PROSEA Handbook Number
12(2): Medicinal and poisonous plants 2
Taxon
Guazuma ulmifolia Lamk
Protologue
Encycl. 3: 52 (1754).
Chromosome Numbers
2n = 16
Synonyms
Theobroma guazuma L. (1753), Guazuma tomentosa Kunth (1823).
Vernacular Names
Bastard cedar, West Indian elm (En). Bois d'orme, orme d'Amérique (Fr). Indonesia: jati belanda (Malay), jati londo (Javanese).
Origin and Geographic Distribution
Guazuma ulmifolia is a native of tropical America, but long naturalized in various parts of the Old World tropics.
Uses
In Java, at one stage the leaves were a popular herbal tea for losing weight. However, excessive use is injurious to the bowels. The seeds are roasted, pounded and used in decoction as a mild astringent to treat stomach problems. In South America, Central America and the West Indies, various plant parts are used in folk medicine. A decoction of the astringent and mucilaginous bark is a remedy for malaria, diarrhoea and syphilis, and a uterine stimulant. It is applied externally on skin diseases. The inner bark is likewise applied on ulcerous sores. A decoction of the leaves is taken to relieve liver and kidney complaints. A sweetened decoction of the dried and pounded fruits is taken as a cold remedy. A decoction of the root bark is taken to halt dysentery and is given as an enema to relieve haemorrhoids. In Brazil the use is confined to a decoction of the bark that is used indiscriminately for all above mentioned applications and to relieve coughs, bronchitis, asthma and pneumonia. The bark and fruits are also mentioned for losing weight.
The fruit is edible and has an agreeable mucilaginous tissue, but eating too much may cause diarrhoea. The leaves and fruits are used as fodder. The bark is locally used for cordage. Throughout its natural range the wood is used for firewood and charcoal. Guazuma ulmifolia is also planted as a wayside tree in Indonesia. The wood is good and sometimes sold under the name of 'bastard cedar'.
Production and International Trade
The retail price of powdered bark of Guazuma ulmifolia was about US$ 55/kg in 2001.
Properties
The antisecretory activity of Guazuma ulmifolia bark was examined in vitro, using the isolated rabbit distal colon mounted in an Ussing chamber. Chloride secretion was stimulated by cholera toxin and prostaglandin E-2 (PGE-2). An ethanol extract of the bark completely inhibited cholera toxin-induced secretion if the extract was added to the mucosal bath prior to the toxin. Adding the extract after administration of the toxin had no effect on secretion. The extract did not inhibit PGE-2-induced chloride secretion. These results indicate an indirect antisecretory mechanism. SDS-PAGE analysis furthermore showed that the extract specifically interacted with the A subunit of the toxin. Subsequent bioassay-guided fractionations of the bark extract led to the isolation of polymeric proanthocyanidins which inactivated cholera toxin. The average degree of polymerization of the active compounds ranged from 14.4 to 32.0, and the polymers consisted almost exclusively of (—)-epicatechin units.

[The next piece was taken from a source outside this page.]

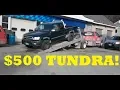 I Bought The Cheapest Toyota Tundra On Craigslist How Bad Is It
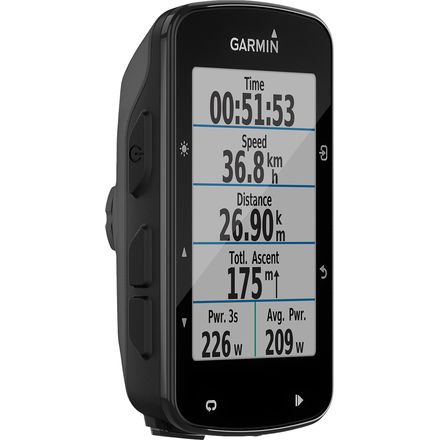 Garmin - Edge 520 Plus Bike Computer - Sensor Bundle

Furthermore, bark and leaf extracts of Guazuma ulmifolia have been incorporated in a variety of general screening assays. These include an antihyperglycaemic test, in which a leaf decoction of Guazuma ulmifolia intragastrically administered to temporarily hyperglycaemic rabbits showed a significant decrease of the hyperglycaemic peak and the area under the glucose tolerance curve. Furthermore, an ethanolic leaf extract showed over 90% inhibition in vitro of KB cells.
In addition, extracts have been tested with variable results (often depending on the plant part used) in antimicrobial assays. Examples include a bark extract, which showed good in vitro activity against 5 enterobacteria pathogenic to humans (Escherichia coli, Salmonella enteritidis, Salmonella typhi, Shigella dysenteriae and Shigella flexneri), as opposed to acetone, ethanol and n-hexane extracts of the leaves, which were devoid of activity against a selection of the enteropathogens mentioned (Escherichia coli, Salmonella enteritidis, Shigella flexneri). In a Neisseria gonorrhoeae assay, the bark extract of Guazuma ulmifolia showed no significant activity.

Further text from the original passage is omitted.